You could argue that Vaughn is even more miscast as a DH in his current state, but I would argue to wait on arguing. The White Sox lineup card doesn't run nine bats deep, and of the players who aren't handling a position, Vaughn has superior case for being the guy who might start hitting, at least as long as Venable would prefer to avoid playing his catchers all of the time.

However, this plot could thicken like Quikrete as members of the White Sox's original 26-man plans wrap up their rehab assignments at Charlotte. Mike Tauchman is due back any day now, and Andrew Benintendi won't be far behind. That will give Venable has two more DH options he currently lacks, and that's where the calculus will be revealing.

In previous years, the sequence would probably be simple: Elko heads back to Charlotte, Vaughn returns to first base, and Benintendi leads the rotation at DH. In a world where Vaughn is no longer considered a part of the future, and Venable is merely looking for the nine players most capable of providing some kind of support toward a winning effort, the possibilities suddenly open up. The best possible defensive infield has Sosa at first base. The best defensive outfield relegates Benintendi to DH. What if those defensive options are also equally valid offensively to Vaughn, if not outright superior? That would be asking a question Vaughn doesn't want to know the answer to.

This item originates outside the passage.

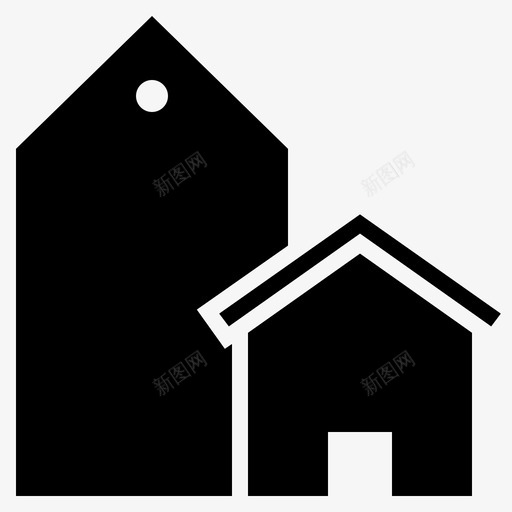 房地产买房卖房图标svg_新图网 https://ixintu.com 买房 卖房 房地产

The safer bet is that Vaughn will retain his prominent part of the lineup, whether because the White Sox truly can't give up on him, or merely because Benintendi, Tauchman and/or Austin Slater keep getting hurt. It's just no longer a lock, which is news in its own right. Assuming Venable's brand of "leading with empathy" and "relentless positivity" precludes him from throwing a well-meaning player off the side of the boat, the aggrieved portion of the White Sox fan base may never get the cathartic changing-of-the-guards moment it seeks. Any turning of the page will probably just sort of happen. Maybe it's already started.